**Required action:**
The range runs from the line containing "Israel Mbonyi yahishuye" through the last line of the material below; retype it exactly, leaving out the pictures.

**Source data:**
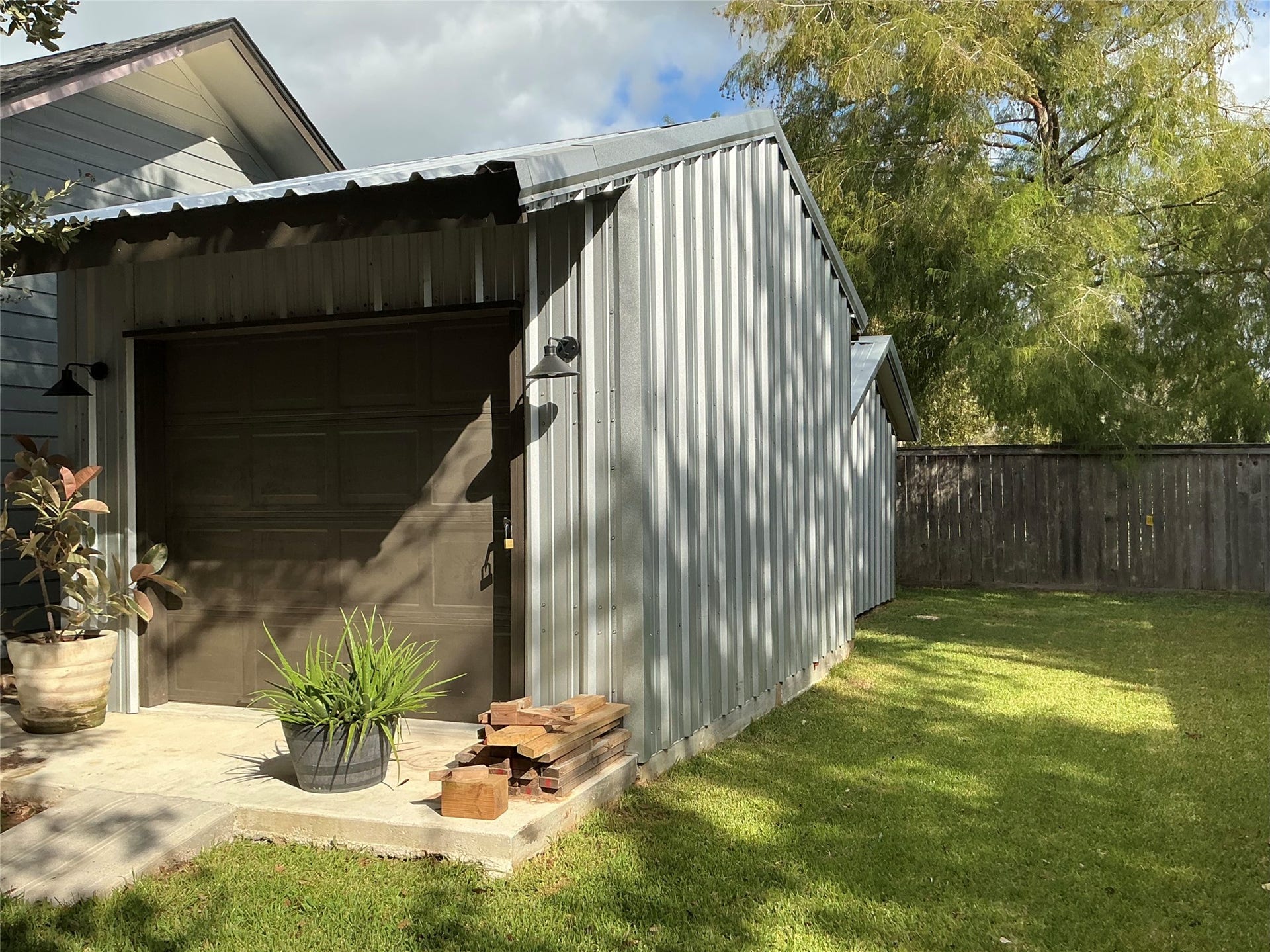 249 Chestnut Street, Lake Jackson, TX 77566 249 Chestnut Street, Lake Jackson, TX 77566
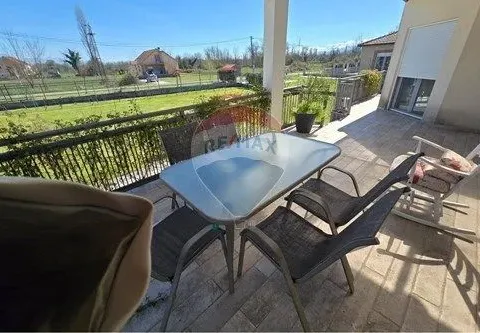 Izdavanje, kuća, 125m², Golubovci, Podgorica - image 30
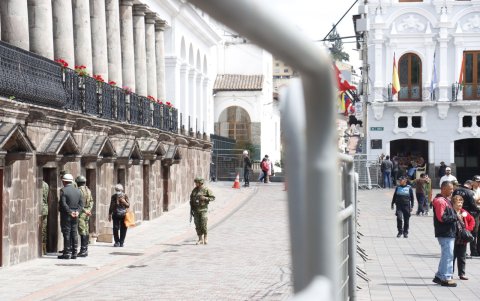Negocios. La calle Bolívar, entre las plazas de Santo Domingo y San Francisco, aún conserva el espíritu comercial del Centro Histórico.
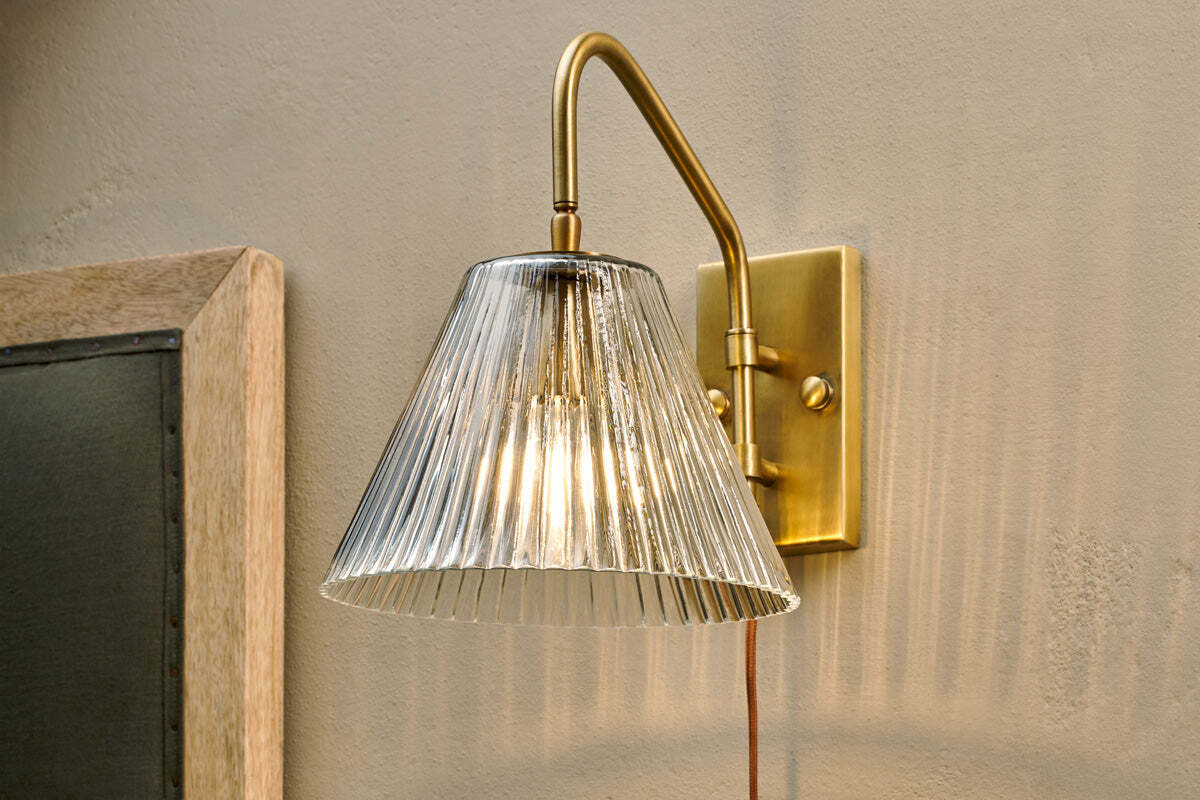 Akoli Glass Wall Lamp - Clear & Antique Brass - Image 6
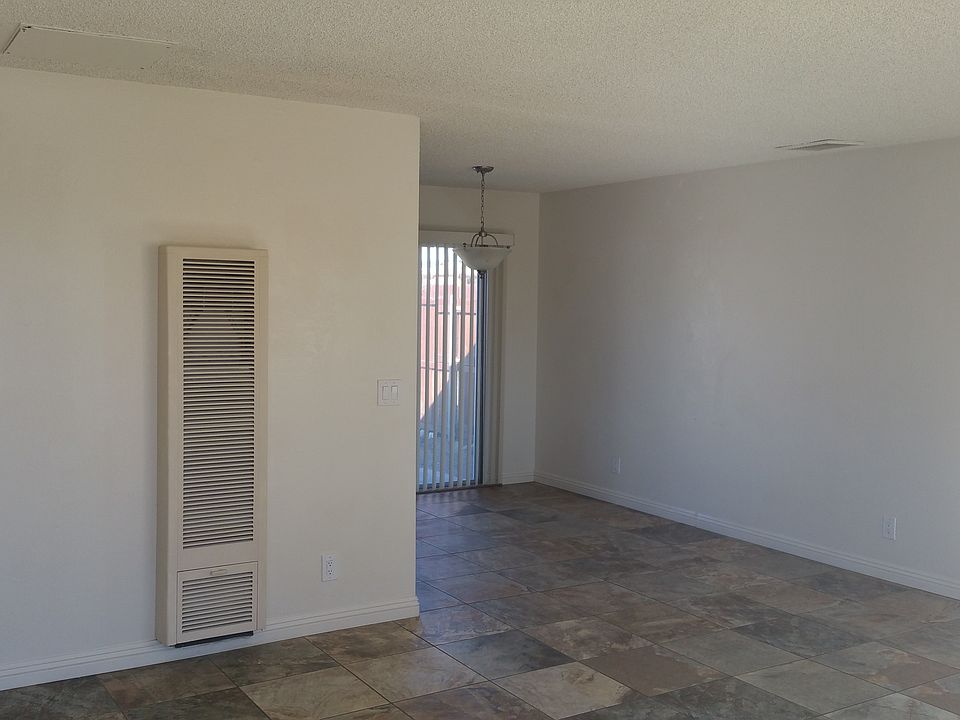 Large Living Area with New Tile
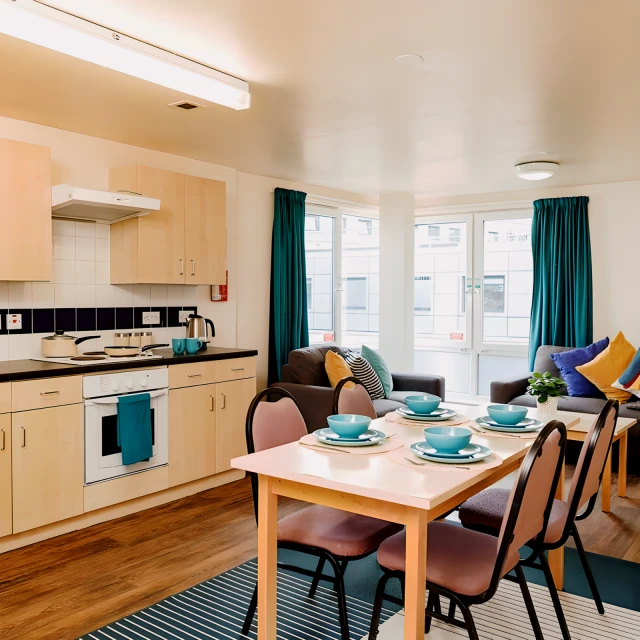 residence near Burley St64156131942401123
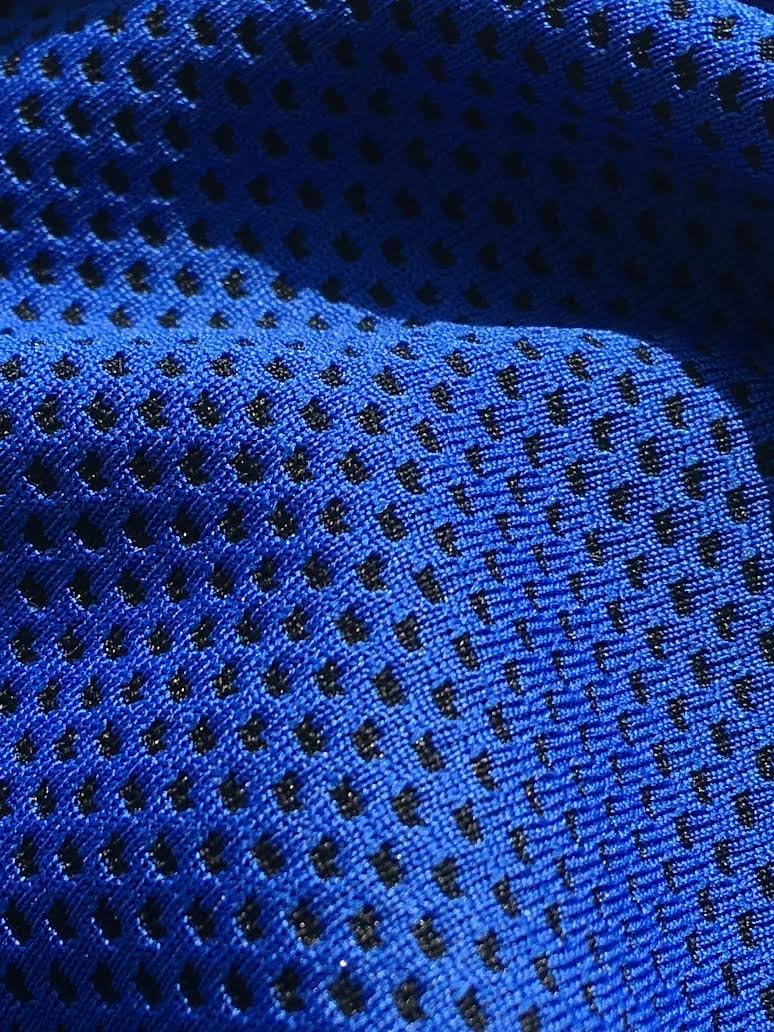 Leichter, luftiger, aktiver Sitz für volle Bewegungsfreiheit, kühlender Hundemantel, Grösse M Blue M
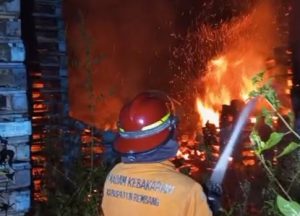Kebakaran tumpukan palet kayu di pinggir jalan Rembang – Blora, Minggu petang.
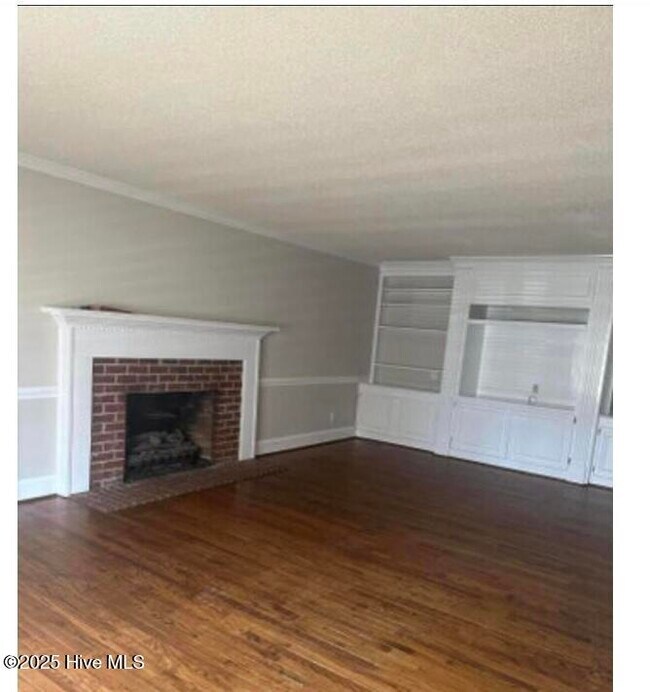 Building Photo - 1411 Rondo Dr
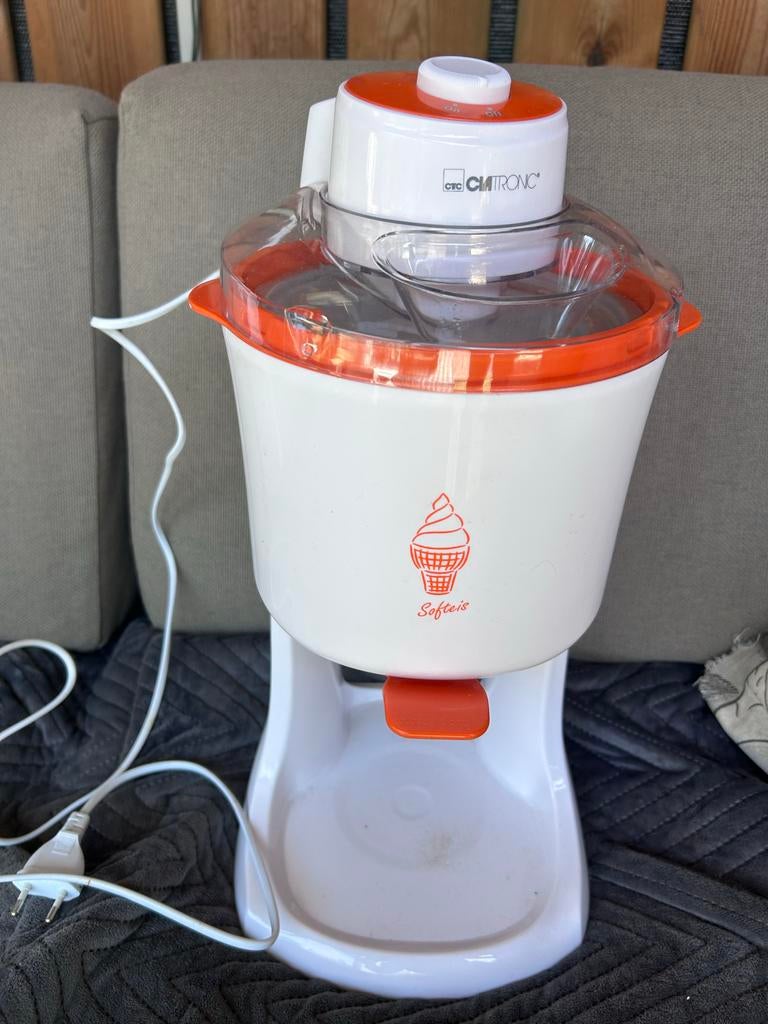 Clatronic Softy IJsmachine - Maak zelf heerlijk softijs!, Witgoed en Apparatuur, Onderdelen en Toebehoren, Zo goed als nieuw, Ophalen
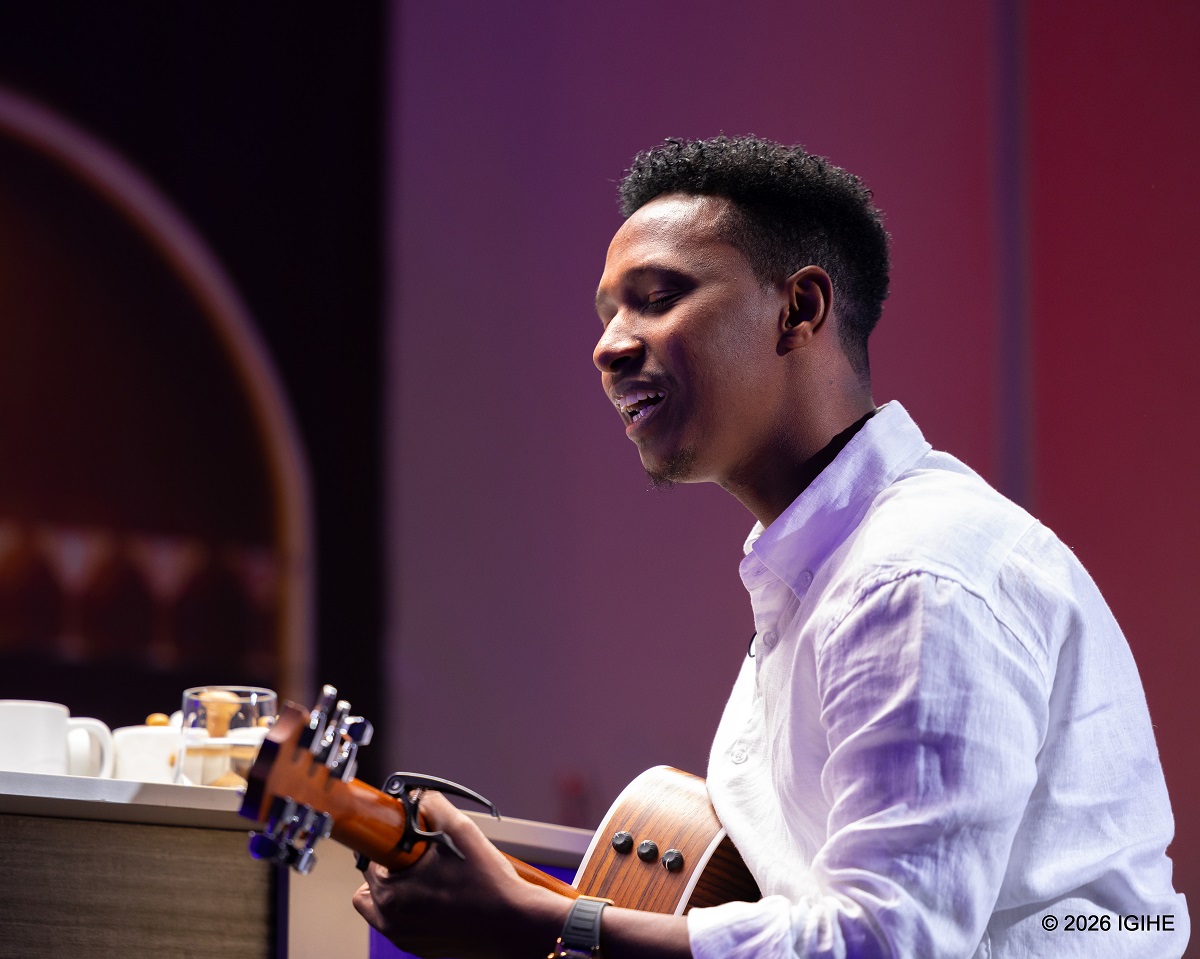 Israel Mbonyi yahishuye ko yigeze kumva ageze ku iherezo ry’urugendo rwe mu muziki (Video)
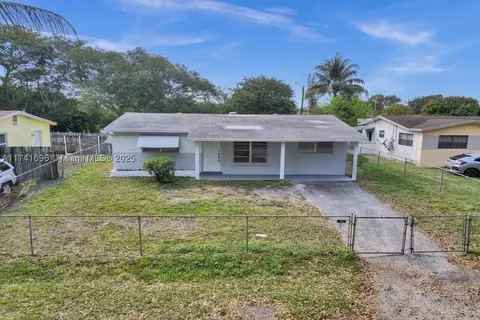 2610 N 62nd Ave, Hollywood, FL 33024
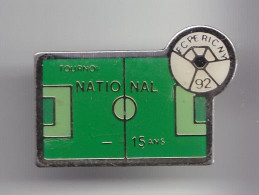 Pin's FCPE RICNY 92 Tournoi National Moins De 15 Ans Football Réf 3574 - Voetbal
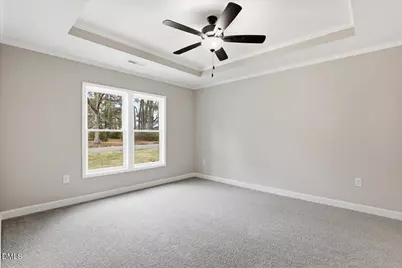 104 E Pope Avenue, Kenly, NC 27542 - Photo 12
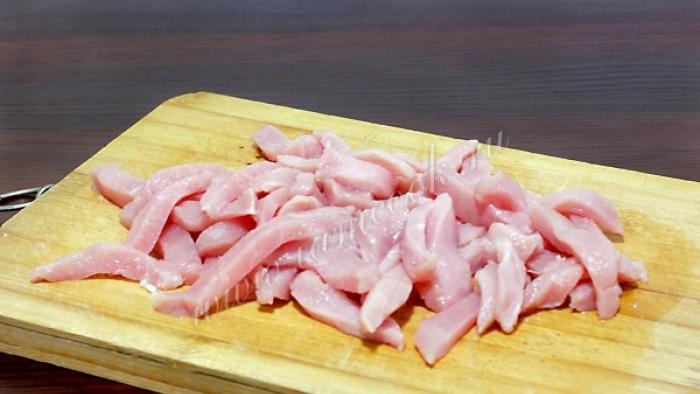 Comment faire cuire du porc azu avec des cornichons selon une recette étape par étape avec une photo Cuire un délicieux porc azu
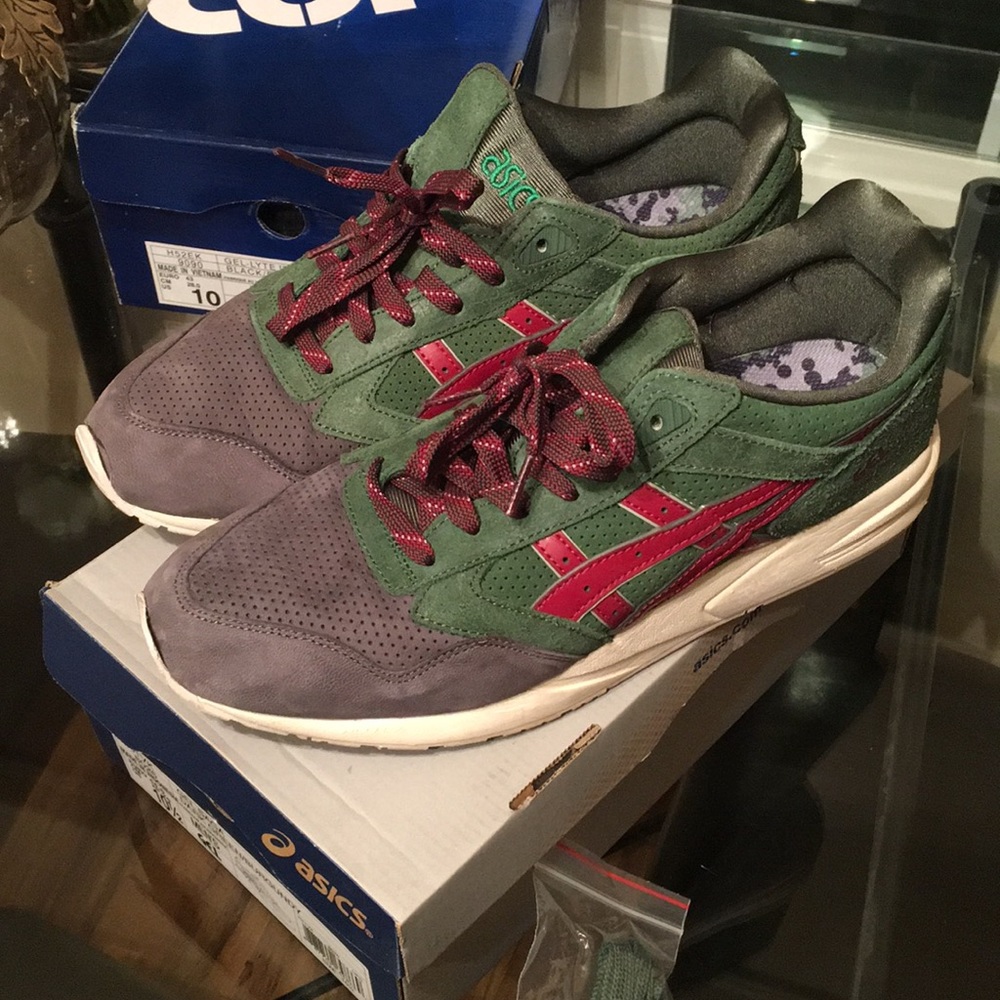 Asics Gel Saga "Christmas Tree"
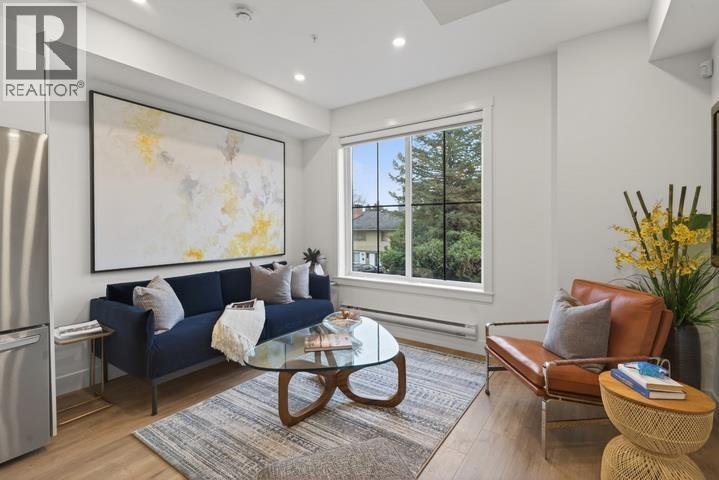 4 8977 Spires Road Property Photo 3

**Answer below:**
 Israel Mbonyi yahishuye ko yigeze kumva ageze ku iherezo ry’urugendo rwe mu muziki (Video)
 2610 N 62nd Ave, Hollywood, FL 33024
 Pin's FCPE RICNY 92 Tournoi National Moins De 15 Ans Football Réf 3574 - Voetbal
 104 E Pope Avenue, Kenly, NC 27542 - Photo 12
 Comment faire cuire du porc azu avec des cornichons selon une recette étape par étape avec une photo Cuire un délicieux porc azu
 Asics Gel Saga "Christmas Tree"
 4 8977 Spires Road Property Photo 3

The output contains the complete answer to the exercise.